Terme con Heliocaminus

L’edificio termale più antico della villa, costruito a ridosso dell’area occupata dalla residenza repubblicana e collegato ad essa tramite un corridoio, deve il suo nome all’identificazione della imponente sala circolare con un heliocaminus, un ambiente particolarmente riscaldato, oltre che dai raggi solari, anche da un sistema tradizionale ad ipocausto. Recentemente vi è stata riconosciuta una sudatio, per la presenza di  bocche da forno che potevano integrare il consueto riscaldamento pavimentale e parietale della sala e al contempo immettere vapore acqueo necessario per la sauna.

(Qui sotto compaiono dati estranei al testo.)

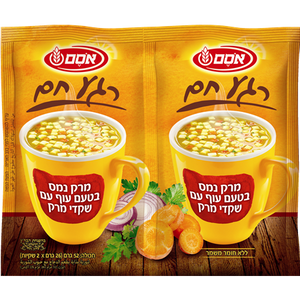 Osem Chicken-Flavored Instant Soup With Soup Almonds (2 Per Pack 52 grams) Pack of 6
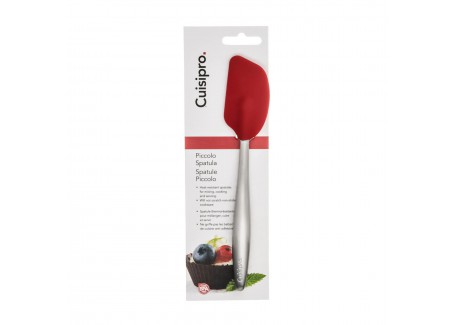 Piccolo Mini Flexibele Siliconen Spatel/Lepel Rood en RVS 20 cm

La sala, coperta da una cupola cassettonata, con occhio centrale, era dotata di grandi finestre, interamente crollate,  che affacciavano sul lato sudoccidentale, dove sono situati tutti gli ambienti riscaldati di questo come degli altri complessi termali della villa, il cui orientamento rispecchia fedelmente le prescrizioni dettate da Vitruvio. L’esposizione di tali ambienti a sudovest consentiva di sfruttare al massimo l’azione dei raggi solari nel pomeriggio, quando i Romani erano soliti frequentare i bagni.

Alle spalle della sala è riconoscibile il frigidarium, ambiente rettangolare aperto su una grande piscina circondata da un portico colonnato e provvisto di una seconda vasca semicircolare, dal quale si accedeva, attraverso una stanza riscaldata, al caldarium; nelle rientranze delle pareti di questo ambiente, purtroppo molto danneggiato, erano ricavate le due vasche rettangolari per i bagni caldi. L’originario rivestimento parietale e pavimentale di tutto l’edificio in lastre di marmo, di cui si conservano alcune tracce, e l’impiego di mosaico non decorato solo per i pavimenti dei corridoi di servizio o della sala circolare riscaldata, conferma la pertinenza del complesso alla zona nobile della villa.